Variable Selection and Updating In Model-Based Discriminant Analysis for High Dimensional Data with Food Authenticity Applications
by Murphy, Dean, and Raftery
Classifying or clustering (or semi supervised learning) spectra is a very challenging problem from collecting statistical-analysis-ready data to reducing the dimensionality without sacrificing complex information in each spectrum. Not only how to estimate spiky (not differentiable) curves via statistically well defined procedures of estimating equations but also how to transform data that match the regularity conditions in statistics is challenging.

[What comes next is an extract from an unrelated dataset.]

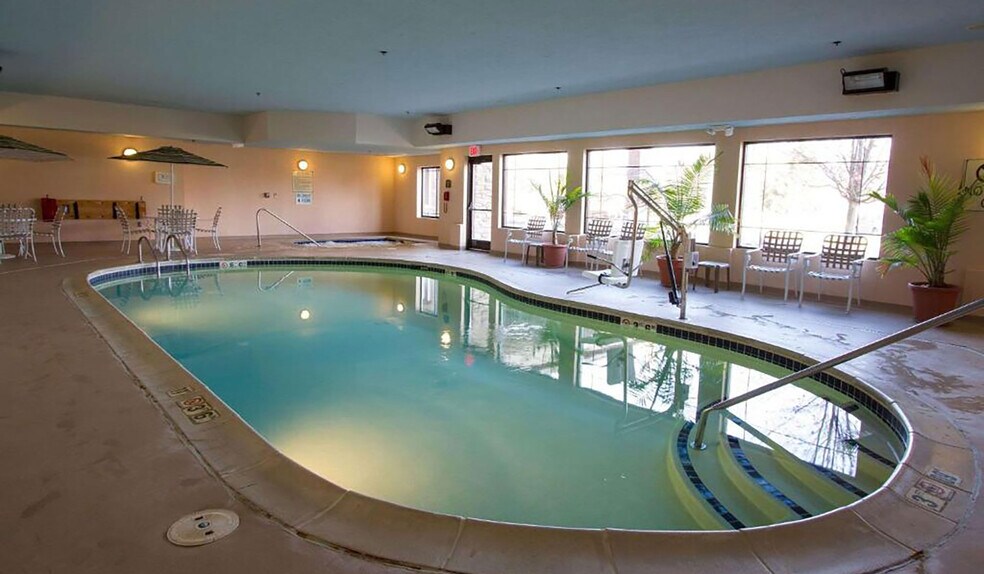 More Photos Of 350 Dodge Rd NE, Comstock Park Hotel For Sale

Another reason that astrophysics spectroscopic data classification and clustering is more difficult is that observed lines, and their intensities and FWHMs on top of continuum are related to atomic database and latent variables/hyper parameters (distance, rotation, absorption, column density, temperature, metalicity, types, system properties, etc). Frequently it becomes very challenging mixture problem to separate lines and to separate lines from continuum (boundary and identifiability issues). These complexity only appears in astronomy spectroscopic data because we only get indirect or uncontrolled data ruled by physics, as opposed to the the meat species spectra in the paper. These spectroscopic data outside astronomy are rather smooth, observed in controlled wavelength range, and no worries for correcting recession/radial velocity/red shift/extinction/lensing/etc.
Although the most relevant part to astronomers, i.e. spectroscopic data processing is not discussed in this paper, the most important part, statistical learning application to complex curves, spectral data, is well described. Some astronomers with appropriate data would like to try the variable selection strategy and to check out the classification methods in statistics. If it works out, it might save space for storing spectral data and time to collect high resolution spectra. Please, keep in mind that it is not necessary to use the same variable selection strategy. Astronomers can create better working versions for classification and clustering purpose, like Hardness Ratios, often used to reduce the dimensionality of spectral data since low total count spectra are not informative in the full energy (wavelength) range. Curse of dimensionality!.